According to the Gujcot Trade Association, the price of Shankar-6 cotton, the benchmark for exports, on Wednesday (January 25) was ₹61,550 a candy (of 356 kg).
“Exports have resumed in small quantities after domestic cotton prices have dropped. We got demand from Bangladesh. As of now, looks like at current prices Bangladesh will be the only buyer,” said Ramanuj Das Boob, a sourcing agent for multinationals in Raichur, Karnataka.
Indian cotton is quoted at a premium as farmers are looking for better prices. As a result, demand from countries such as China is unlikely, he said.
“If prices fall further, farmers may not bring cotton to the market as it had happened earlier this season,” the sourcing agent said.
Currently, most of the trades in kapas (raw cotton) is being done at ₹7,500-8,200 a quintal across the country against the minimum support price of ₹6,080 for the current season.
“Premium to prices quoted on InterContinental Exchange (ICE), New York, has dropped to a little over 10 per cent from nearly 15 per cent earlier. This will revive demand for exports,” said Rajkot-based Anand Popat, a trader in cotton, yarn and cotton waste.
Currently, ICE cotton contracts for March delivery are ruling at 85.42 cents a pound (₹55,100 a candy). At the Zhengzhou Commodity Exchange, March cotton futures were quoted at 14,880 yuan a tonne (₹63,650 a candy).
According to Popat, two lakh bales (170 kg each) have been shipped so far with prospects of shipments rising further. The Cotton Association of India (CAI), an association of the trade, has estimated exports at 30 lakh bales this season to September against 43 lakh bales last season. The US Department of Agriculture has pegged exports around 40 lakh bales.
“Demand for yarn has been resumed. Spinning mills have begun to buy as prices seem to be stabilizing,” he said.

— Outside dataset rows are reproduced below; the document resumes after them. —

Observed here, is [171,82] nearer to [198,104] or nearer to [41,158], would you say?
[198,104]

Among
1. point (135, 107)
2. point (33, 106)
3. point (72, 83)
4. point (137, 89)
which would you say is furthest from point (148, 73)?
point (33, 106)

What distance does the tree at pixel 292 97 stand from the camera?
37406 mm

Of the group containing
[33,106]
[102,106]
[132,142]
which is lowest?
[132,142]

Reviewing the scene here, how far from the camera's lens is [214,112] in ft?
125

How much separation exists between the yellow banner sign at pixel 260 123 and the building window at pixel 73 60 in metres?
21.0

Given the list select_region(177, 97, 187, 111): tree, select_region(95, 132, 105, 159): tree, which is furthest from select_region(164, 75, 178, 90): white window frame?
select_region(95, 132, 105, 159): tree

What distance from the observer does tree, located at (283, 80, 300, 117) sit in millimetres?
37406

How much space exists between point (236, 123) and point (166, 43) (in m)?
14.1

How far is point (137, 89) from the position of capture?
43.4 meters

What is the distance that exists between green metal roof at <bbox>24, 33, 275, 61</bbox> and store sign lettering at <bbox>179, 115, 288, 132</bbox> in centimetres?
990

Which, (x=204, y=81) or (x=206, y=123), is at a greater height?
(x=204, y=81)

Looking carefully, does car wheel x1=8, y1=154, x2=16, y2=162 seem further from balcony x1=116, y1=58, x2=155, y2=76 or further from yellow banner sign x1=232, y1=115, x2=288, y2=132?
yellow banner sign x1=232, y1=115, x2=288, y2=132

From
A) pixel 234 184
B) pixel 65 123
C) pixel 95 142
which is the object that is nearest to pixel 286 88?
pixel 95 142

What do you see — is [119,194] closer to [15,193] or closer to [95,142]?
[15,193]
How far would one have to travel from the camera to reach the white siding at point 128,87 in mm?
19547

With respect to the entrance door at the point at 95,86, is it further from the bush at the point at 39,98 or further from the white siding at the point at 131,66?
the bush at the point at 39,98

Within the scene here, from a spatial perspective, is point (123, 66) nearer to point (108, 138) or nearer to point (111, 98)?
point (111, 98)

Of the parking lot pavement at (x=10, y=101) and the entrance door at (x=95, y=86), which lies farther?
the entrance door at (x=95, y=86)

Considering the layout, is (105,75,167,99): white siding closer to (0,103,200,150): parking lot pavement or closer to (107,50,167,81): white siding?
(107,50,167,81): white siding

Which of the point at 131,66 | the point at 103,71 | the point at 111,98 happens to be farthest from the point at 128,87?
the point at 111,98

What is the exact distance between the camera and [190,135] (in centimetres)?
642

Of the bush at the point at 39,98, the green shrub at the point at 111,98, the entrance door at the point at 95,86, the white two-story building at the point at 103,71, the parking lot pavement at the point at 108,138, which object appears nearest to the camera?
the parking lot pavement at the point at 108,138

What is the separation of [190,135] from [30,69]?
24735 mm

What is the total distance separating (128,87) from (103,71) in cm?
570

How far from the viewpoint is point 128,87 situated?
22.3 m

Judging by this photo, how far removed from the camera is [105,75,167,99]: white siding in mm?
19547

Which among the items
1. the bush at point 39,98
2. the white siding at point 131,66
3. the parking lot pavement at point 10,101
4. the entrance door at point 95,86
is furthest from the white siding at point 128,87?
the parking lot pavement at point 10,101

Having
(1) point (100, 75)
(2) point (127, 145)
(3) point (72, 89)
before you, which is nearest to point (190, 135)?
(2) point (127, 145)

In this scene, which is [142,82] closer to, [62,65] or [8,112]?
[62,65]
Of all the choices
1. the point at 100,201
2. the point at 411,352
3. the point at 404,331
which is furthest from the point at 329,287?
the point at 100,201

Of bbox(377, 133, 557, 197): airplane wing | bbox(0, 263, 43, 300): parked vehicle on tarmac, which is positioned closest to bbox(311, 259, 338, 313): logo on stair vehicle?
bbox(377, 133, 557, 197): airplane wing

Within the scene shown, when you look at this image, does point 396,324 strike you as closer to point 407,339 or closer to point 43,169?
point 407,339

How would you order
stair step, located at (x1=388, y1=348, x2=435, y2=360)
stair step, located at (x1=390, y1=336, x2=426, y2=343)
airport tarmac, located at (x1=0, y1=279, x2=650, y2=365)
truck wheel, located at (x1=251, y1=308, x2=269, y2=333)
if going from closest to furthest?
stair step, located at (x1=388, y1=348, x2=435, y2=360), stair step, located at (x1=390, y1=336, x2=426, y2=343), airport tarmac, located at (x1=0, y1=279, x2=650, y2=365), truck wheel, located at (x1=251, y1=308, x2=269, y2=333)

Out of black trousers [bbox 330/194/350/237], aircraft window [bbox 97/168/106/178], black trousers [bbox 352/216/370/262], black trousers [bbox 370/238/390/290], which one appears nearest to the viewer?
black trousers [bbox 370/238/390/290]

Das Boob said spinning mills have begun to accumulate stocks and they could be building their inventory over the next 2-3 months.

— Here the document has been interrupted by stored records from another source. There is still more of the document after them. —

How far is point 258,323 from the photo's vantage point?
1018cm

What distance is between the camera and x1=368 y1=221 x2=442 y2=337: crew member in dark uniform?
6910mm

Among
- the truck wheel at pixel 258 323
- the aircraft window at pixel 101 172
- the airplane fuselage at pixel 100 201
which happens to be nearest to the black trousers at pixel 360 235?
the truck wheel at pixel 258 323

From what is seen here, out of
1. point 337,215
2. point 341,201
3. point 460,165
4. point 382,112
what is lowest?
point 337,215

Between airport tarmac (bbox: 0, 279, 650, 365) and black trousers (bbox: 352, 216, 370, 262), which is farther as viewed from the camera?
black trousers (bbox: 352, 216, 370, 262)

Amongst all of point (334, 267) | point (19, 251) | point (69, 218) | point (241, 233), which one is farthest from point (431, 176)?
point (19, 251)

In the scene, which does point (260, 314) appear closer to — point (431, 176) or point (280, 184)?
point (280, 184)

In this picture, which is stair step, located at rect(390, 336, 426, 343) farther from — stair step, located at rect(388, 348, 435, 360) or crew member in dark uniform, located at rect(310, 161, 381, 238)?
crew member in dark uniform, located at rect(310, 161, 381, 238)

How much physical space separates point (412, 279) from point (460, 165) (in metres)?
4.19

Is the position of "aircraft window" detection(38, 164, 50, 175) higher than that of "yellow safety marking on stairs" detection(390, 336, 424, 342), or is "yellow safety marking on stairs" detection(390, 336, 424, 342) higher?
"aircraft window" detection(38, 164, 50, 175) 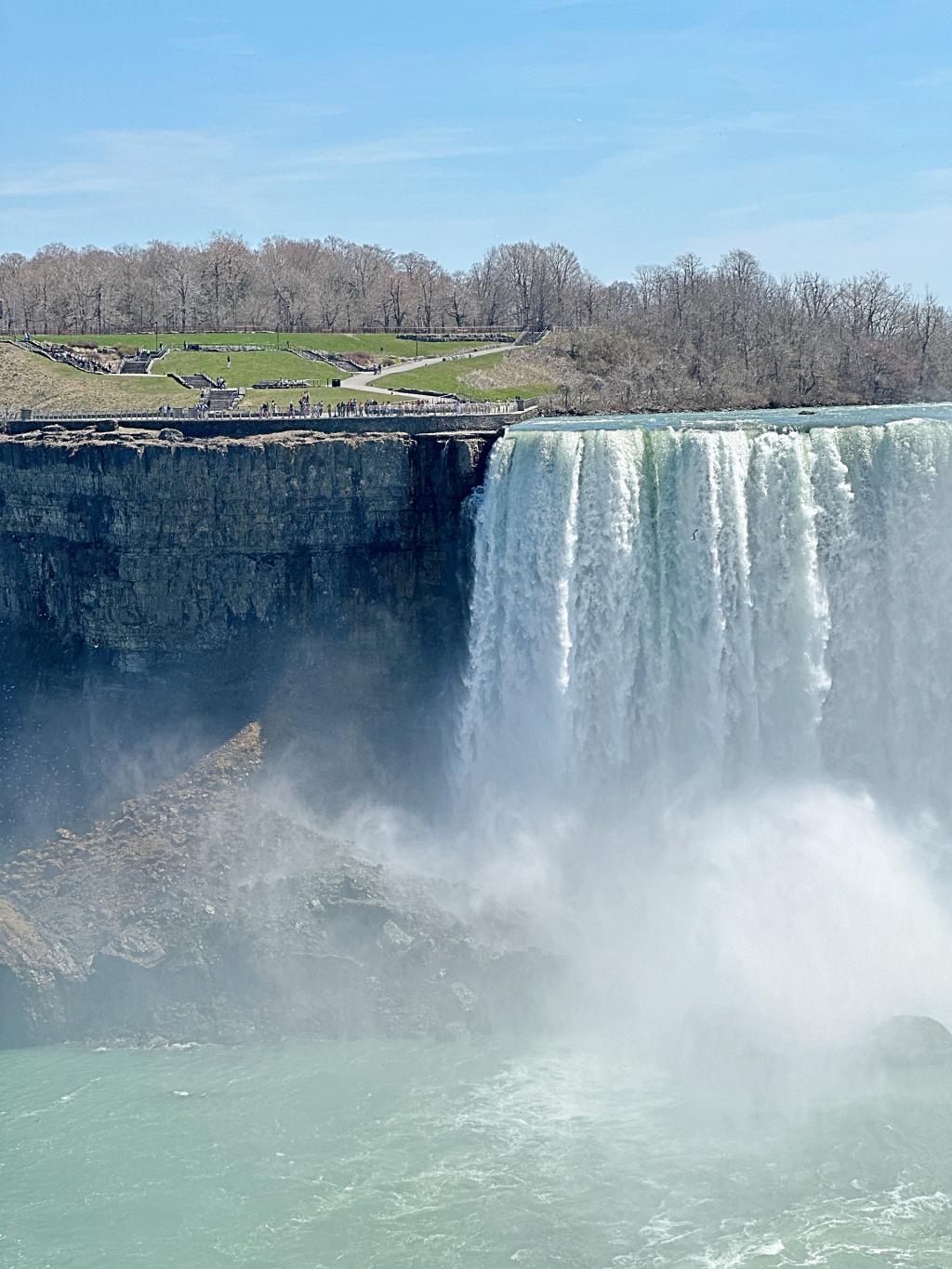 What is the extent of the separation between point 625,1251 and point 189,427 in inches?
1319

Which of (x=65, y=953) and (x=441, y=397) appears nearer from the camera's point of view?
(x=65, y=953)

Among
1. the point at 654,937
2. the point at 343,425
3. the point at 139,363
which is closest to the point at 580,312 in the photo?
the point at 139,363

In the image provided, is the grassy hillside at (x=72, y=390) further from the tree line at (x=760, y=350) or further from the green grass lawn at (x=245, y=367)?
the tree line at (x=760, y=350)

Prabhu Dhamodharan, Convenor, Indian Texpreneurs Federation (ITF), said, “Price stability is more important for the value chain to deliver performance in this challenging global environment. We are of the opinion that prices will be in this range with small deviations based on the demand and supply.”

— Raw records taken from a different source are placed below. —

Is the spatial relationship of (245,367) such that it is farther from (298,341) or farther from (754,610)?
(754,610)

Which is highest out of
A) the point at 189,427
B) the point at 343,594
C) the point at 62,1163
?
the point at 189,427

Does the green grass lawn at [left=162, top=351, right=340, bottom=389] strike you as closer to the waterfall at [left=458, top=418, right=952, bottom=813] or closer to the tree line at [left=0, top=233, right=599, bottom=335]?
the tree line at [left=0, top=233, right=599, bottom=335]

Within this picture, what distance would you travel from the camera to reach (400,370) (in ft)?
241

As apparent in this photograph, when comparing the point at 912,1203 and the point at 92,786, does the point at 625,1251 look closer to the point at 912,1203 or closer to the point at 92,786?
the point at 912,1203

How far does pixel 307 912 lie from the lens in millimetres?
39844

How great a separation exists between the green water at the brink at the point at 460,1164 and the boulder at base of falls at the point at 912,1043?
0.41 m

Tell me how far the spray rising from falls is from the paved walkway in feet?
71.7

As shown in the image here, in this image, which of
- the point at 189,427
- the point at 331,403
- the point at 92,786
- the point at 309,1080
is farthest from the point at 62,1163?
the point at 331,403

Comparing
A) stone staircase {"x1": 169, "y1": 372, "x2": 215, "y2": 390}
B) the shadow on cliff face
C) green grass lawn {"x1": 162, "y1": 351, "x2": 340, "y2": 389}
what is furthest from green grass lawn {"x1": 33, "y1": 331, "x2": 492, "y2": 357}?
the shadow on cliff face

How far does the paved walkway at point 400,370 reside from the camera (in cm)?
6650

The market is unlikely to face much volatility during the current season to September due to “continuing challenges” on the demand front, he said.
Output estimates cut
With a few agencies such as the USDA and CAI revising cotton production figures, there are now questions over the actual crop size.
In its latest estimate, CAI has pegged the crop at 339.75 lakh bales (of 170 kg) for the current season. The USDA has estimated it at 339.41 lakh tonnes. But Poppat said he estimated the crop at 360 lakh bales, while Das Boob said it could be around 340 lakh bales.
Going by the 340 lakh bales estimates, Ronak Chiripal, CEO, Nandan Terry Ltd, said, “The weakening of demand for cotton coupled with a surge in production will impact the current cotton price which will witness a decline in the near future.”
With Pakistan cotton production being affected by the worst floods it faced in July-August last year, some among the trade expect its textiles to face a problem particularly with the Islamabad facing forex crisis.
On the opportunities for Indian textile sector, Dhamodharan said, “At any given point in time, opportunities are available in developed markets due to China plus one opportunity. We need to gear up our efforts towards product and market diversification combined with continuous efforts on increasing competitiveness.”
But Chiripal said Pakistan’s economic crisis is unlikely to have any impact on India as the neighboring nation is importing cotton for manufacturing.